La sucesión de nombres prosiguió. Nada.

—Al menos no tienes un límite de intentos —señaló Ekaterina.

—De poco nos está sirviendo —Nikolái no paraba de teclear alternativas que la página iba rechazando sistemáticamente. Hasta que se detuvo—. He agotado todos los nombres de la lista. No hay manera.

—Déjame que piense —pidió Motulyak—. Algo se me está escapando, pero es que hace tanto tiempo… ¿Has probado con Nadia Smirnova? Fue un amor infantil.

—Contraseña incorrecta —leyó Nikolái, harto—. Es imposible.

—A ver —Motulyak no se rendía—. No puede ser tan difícil, Antónovich no tenía buena memoria. Tuvo que elegir como password algo muy significativo para él.

Todos aguardaron. El reportero era el único que podía llegar a intuir la palabra clave escogida por su compañero.

—Se me ocurre otra posibilidad —manifestó al fin—. Recuerdo que Antónovich me comentó cuando nos reencontramos que entre sus aficiones estaban las películas y los libros que trataban el tema de la búsqueda de antiguos nazis que se escondieron tras la Segunda Guerra Mundial. Le fascinaba todo eso que investigó Wiesenthal.

Aquel dato dejó a todos indiferentes.

—Como no concretes un poco más… —observó Natalia.

—Ese judío, Wiesenthal, rastreó sobre todo una organización clandestina que ayudaba a escapar a antiguos oficiales de las SS —explicó Motulyak—. Esa red secreta de colaboración se llamaba ODESSA, ¿os acordáis? Justo igual que el nombre de una de las principales ciudades de nuestro país, la Perla del Mar Negro, donde además creo que la familia de Antónovich veraneaba cuando éramos pequeños. Prueba, Nikolái, escribe ODESSA. Con mayúsculas.

El chico obedeció. Tanto él como Ekaterina y Natalia —ellas habían cruzado los dedos—, que continuaban con la mirada clavada en la pantalla de su ordenador, dieron un respingo cuando la palabra fue aceptada.

Habían logrado acceder a la web clandestina.

Minutos después, confirmaban que el autor de los contenidos de aquella página era, realmente, Antónovich, ya que en los posts le hacía referencia en primera persona a sus artículos publicados sobre el incendio de Itanich.

No cabía duda de que los textos eran suyos, aunque no firmaba cada actualización.

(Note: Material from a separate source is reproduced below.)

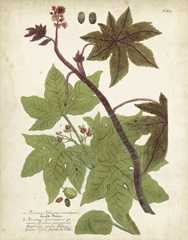 Weinmann Tropical Plants II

Discreción máxima, una vez más.

Todos —incluido el reportero, que se había incorporado entre jadeos— se dispusieron a leer el contenido de esa página.

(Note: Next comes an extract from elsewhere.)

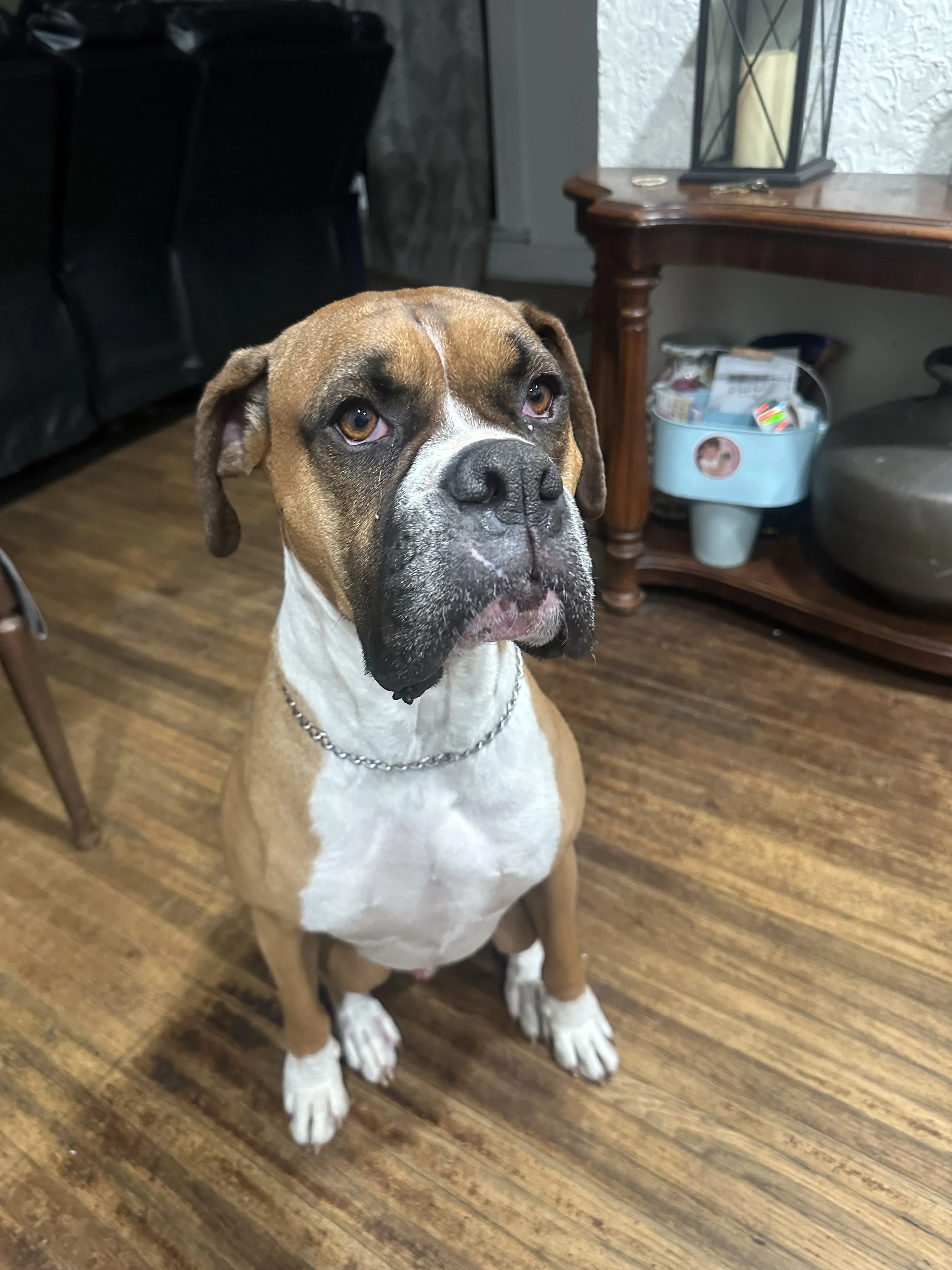 Lost pet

¿Qué ocultaba aquel periodista de trayectoria tan pacífica?

—Ahora va a resultar que Antónovich llevaba una doble vida… —murmuró Motulyak—. Hay que joderse.

estrella

Itanich, … 2004

He cambiado de emisora y subido el volumen al máximo. Suena «Call on me», número uno del DJ sueco Eric Prydz. El locutor lo ha anunciado con pasión.

El simple hecho de escuchar una voz que no es la mía me conmueve.

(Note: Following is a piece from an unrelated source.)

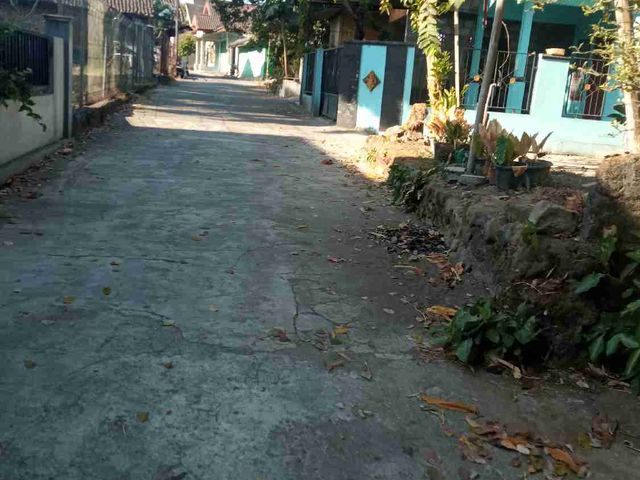 place photo 1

Mi pulso tiembla, vibra al ritmo intenso de la melodía. Música. Música vibrante que resuena en la ciudad muerta.

He salido a la calle. Estoy bailando en el desierto. La única presencia humana en kilómetros a la redonda se estremece con movimientos torpes, enfermos, en medio de este escenario paralizado.

El surrealismo de la escena me devuelve la vida. Sigo vivo, estoy aquí, continúo luchando.

Mis pies levantan polvo al impactar contra el suelo.

Grito la letra. «Call on me. Llámame».

Llámame, Ekaterina. Pronuncia mi nombre, ven a buscarme. Te estoy esperando. Llámame.

Call on me.

Call on me.

Call on me.

I’m the same boy I used to be.

I’m the same boy I used to be.

Call on me.

Call on me.

La música no deja de impulsarme.

Soy quien fui, aún soy quien era.

Llámame.

Bailo, grito, empiezo a brincar a pesar del dolor que cada aterrizaje me provoca. No puedo dejar de moverme, la fiebre no importa. Entro en la casa danzando como un poseso. Encuentro un teléfono que jamás volverá a funcionar. Arranco sus cables, sigo bailando, salgo al exterior de nuevo con el aparato entre las manos. Lo levanto hacia el cielo como si exhibiera una ofrenda, las fachadas agrietadas parecen apartarse ante mi audacia.

La canción no interrumpe su cadencia «dance» que ahora fluye por mis venas.

Música.

He vencido al silencio.

Mis pupilas se pierden en las nubes. Estiro los brazos, todavía levanto más el auricular del teléfono en dirección al firmamento.

¡Call on me, Ekaterina! ¡Call on me!

I’m the same boy I used to be.

Las ondas han llegado a mi mundo. Vuelvo a existir.